== What this task involves ==
If pictures appear in the lines below, skip them and copy exactly the lines from the one containing "Hoverboard deska elektryczna Skymaster" through the one containing "Maillot femme Erima", and nothing else.

== Records to use ==
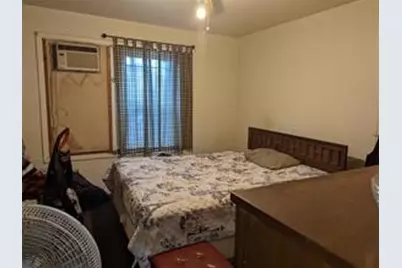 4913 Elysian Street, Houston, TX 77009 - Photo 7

---

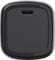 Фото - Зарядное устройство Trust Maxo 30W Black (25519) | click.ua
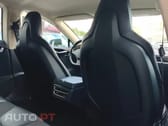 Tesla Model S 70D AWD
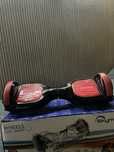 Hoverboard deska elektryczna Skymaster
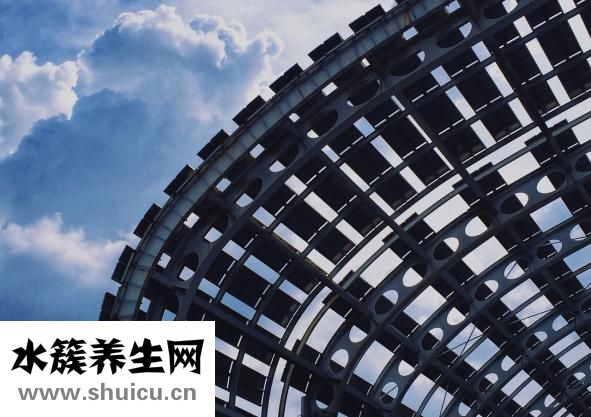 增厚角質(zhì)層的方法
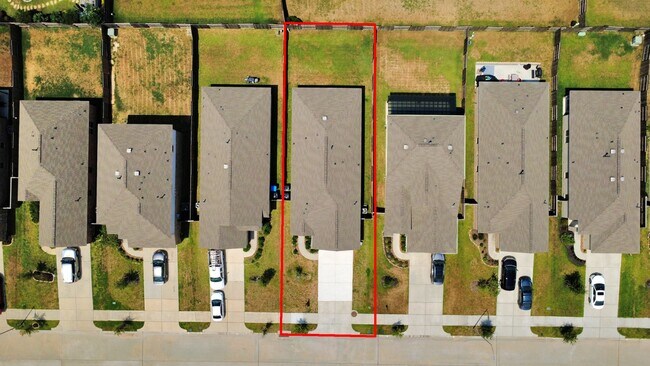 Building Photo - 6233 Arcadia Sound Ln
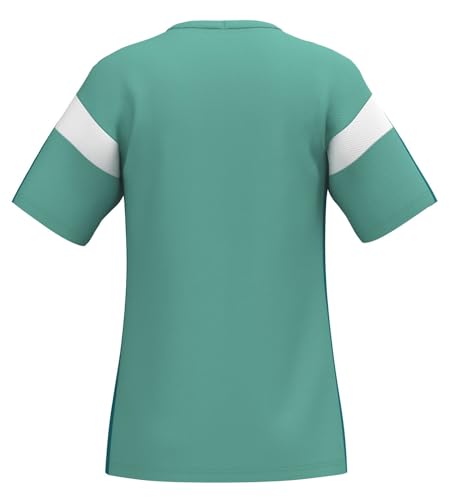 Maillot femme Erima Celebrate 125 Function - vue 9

== Written solution ==
 Hoverboard deska elektryczna Skymaster
 增厚角質(zhì)層的方法
 Building Photo - 6233 Arcadia Sound Ln
 Maillot femme Erima Celebrate 125 Function - vue 9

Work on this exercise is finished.